Guest lecture by Jack Barbalet
Wealth Migration from Mainland China: International Investor Residency Schemes and Chinese Wealth Preservation
The current literature on Chinese business migration stresses a number of connected themes. One is the link between ethnicity and entrepreneurship, typically emphasizing family structure, the mobilization of guanxi obligations, and Confucian ideology. Another is transnational networks, generally focused on regional South-east Asian and East Asian connections, but with a growing awareness of European and North American nodes. What is typically ignored, though, is Chinese business migration that results not from the relative lack of opportunities in China but is a strategy for the preservation of wealth generated through the rise of China since the 1980s. The significant movement of capital out of China that is invested in North American, European and Australasian economies is achieved by new regimes of residency and citizenship schemes developed by neo-liberal Western states, often with implicit reference to the needs of Chinese nationals to expatriate funds from mainland China in defiance of domestic anti-corruption policies. As well as considering the background of wealth creation in China and investor-residency schemes in the West the paper will consider how Chinese nationals overcome the stringent regulations designed to limit the movement of money out of China.

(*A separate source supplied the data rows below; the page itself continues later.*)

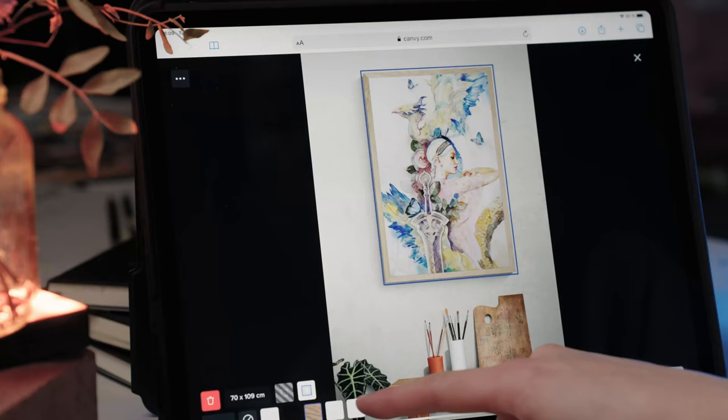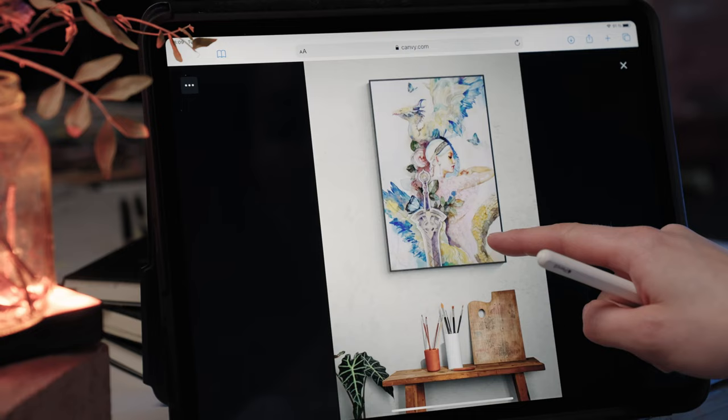And it's super easy to use. You can choose from a variety of different frame styles and customize each room with just one click.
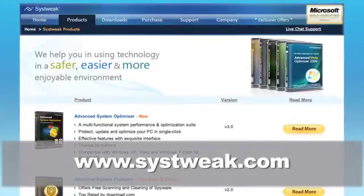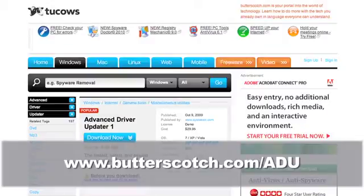For more information on Advanced Driver Updater, go to sys-tweak.com or download it using the link on your screen.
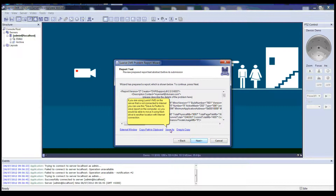If you are using LuxRiot VMS on a server that is not connected to the internet, you can use the Save As button to save a report to the computer, so you will be able to move it using a flash drive to another location with an internet connection.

Jack Barbalet is currently Chair Professor in Sociology and Head of the Department of Sociology at Hong Kong Baptist University, where he has been since 2011. Before going to Hong Kong he was at the University of Western Sydney, as Foundation Professor of Sociology (2008-2010) and then Professorial Fellow (Professor with research-only duties) in the Centre for Citizenship and Public Policy (2010-2011). Previously he was Professor of Sociology and Head of Department of Sociology at the University of Leicester, in England (1999-2008) and before that was at the Australian National University in Canberra for over twenty years. His first academic appointment was in economics at the University of Papua New Guinea. Professor Barbalet has made significant contributions to sociological theory, political sociology, the sociology of emotions and economic sociology. This work has been widely cited and some of it translated into other languages, including Chinese, German, Italian, Korean, Portuguese, Romanian, Spanish and Swedish. His most recent publications have appeared in American Behavioral Scientist, British Journal of Sociology, Journal of Classical Sociology, Journal of Political Power, Journal for the Theory of Social Behaviour, Sociological Review, and Theory and Society. Professor Barbalet’s current research is focused on aspects of Chinese sociology, including guanxi, family structure, and wealth migration.